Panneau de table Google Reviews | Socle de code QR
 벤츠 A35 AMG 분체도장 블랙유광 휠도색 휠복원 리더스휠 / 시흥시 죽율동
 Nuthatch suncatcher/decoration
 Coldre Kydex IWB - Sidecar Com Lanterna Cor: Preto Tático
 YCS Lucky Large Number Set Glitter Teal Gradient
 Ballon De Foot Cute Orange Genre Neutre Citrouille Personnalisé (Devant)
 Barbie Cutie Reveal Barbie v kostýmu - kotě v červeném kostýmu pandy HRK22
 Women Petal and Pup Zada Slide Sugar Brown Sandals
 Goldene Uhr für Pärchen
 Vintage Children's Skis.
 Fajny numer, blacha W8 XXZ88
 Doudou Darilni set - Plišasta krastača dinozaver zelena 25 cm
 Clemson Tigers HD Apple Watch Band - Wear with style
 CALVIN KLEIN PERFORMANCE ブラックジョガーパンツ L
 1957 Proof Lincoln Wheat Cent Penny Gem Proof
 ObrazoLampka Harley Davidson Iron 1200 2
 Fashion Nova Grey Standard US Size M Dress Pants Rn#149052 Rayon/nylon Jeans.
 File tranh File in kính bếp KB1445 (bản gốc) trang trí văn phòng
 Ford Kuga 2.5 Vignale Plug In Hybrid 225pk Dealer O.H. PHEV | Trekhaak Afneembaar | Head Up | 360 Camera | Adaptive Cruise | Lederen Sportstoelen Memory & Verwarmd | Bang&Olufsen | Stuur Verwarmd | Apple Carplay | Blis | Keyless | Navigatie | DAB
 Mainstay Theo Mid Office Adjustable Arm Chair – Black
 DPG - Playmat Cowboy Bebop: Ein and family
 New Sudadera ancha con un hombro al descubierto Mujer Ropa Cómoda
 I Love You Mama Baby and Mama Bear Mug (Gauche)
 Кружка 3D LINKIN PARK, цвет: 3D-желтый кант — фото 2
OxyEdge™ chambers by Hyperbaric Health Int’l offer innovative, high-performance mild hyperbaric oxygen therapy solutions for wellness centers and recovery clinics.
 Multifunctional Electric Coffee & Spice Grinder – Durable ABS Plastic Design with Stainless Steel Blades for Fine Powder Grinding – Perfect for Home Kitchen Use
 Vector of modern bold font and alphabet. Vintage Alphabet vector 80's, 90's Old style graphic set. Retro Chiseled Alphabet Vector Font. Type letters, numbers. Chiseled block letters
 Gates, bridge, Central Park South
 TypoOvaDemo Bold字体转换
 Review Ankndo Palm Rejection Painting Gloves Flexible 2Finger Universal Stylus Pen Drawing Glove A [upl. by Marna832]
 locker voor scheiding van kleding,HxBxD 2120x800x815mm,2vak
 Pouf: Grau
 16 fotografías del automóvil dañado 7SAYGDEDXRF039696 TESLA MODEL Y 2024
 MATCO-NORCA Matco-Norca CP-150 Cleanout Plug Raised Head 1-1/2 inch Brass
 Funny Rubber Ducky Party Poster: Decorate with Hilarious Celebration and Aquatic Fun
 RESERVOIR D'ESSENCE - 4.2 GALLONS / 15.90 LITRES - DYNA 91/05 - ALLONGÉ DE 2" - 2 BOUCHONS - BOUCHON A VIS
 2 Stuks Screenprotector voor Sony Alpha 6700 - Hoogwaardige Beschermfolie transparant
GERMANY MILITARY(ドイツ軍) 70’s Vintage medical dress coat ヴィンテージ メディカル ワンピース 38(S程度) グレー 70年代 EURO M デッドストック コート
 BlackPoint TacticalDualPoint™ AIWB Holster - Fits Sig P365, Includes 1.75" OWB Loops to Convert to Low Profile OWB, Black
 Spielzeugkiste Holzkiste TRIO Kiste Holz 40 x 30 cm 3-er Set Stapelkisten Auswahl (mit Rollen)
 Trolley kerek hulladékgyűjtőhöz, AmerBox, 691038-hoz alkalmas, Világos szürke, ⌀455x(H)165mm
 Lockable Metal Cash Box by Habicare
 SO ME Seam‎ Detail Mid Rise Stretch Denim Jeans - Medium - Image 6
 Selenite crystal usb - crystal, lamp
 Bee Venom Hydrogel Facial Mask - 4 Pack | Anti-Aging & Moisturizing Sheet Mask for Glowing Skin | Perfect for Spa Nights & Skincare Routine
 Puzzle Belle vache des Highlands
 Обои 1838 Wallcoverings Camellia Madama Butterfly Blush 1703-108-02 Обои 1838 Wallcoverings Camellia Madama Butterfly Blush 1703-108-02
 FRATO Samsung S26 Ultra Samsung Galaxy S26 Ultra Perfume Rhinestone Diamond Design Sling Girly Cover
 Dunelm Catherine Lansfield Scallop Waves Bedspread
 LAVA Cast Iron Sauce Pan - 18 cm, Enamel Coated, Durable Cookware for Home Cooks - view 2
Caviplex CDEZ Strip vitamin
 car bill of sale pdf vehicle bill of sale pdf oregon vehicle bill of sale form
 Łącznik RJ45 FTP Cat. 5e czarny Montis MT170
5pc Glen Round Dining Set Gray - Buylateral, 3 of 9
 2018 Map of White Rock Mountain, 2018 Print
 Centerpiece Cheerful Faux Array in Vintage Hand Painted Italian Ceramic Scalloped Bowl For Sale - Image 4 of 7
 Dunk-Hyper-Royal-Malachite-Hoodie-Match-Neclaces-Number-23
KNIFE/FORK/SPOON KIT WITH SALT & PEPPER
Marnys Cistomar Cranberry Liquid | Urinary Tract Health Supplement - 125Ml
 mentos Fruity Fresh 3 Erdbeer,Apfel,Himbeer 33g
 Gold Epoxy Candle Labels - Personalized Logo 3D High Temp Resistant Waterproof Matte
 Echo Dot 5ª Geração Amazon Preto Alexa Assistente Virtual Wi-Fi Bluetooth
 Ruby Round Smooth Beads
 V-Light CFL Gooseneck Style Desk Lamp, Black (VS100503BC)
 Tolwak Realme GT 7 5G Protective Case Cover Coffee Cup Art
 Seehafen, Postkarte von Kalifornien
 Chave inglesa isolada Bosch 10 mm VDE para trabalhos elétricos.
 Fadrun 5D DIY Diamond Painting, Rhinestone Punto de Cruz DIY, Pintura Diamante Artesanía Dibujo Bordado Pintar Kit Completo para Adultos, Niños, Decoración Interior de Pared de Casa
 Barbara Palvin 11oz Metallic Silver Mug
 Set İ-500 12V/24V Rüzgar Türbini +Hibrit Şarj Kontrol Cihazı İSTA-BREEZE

^^^^

▸ Action item
Check every line of the records above for the string "Plug". Copy those that hold it.

▸ Result of this exercise
 Ford Kuga 2.5 Vignale Plug In Hybrid 225pk Dealer O.H. PHEV | Trekhaak Afneembaar | Head Up | 360 Camera | Adaptive Cruise | Lederen Sportstoelen Memory & Verwarmd | Bang&Olufsen | Stuur Verwarmd | Apple Carplay | Blis | Keyless | Navigatie | DAB
 MATCO-NORCA Matco-Norca CP-150 Cleanout Plug Raised Head 1-1/2 inch Brass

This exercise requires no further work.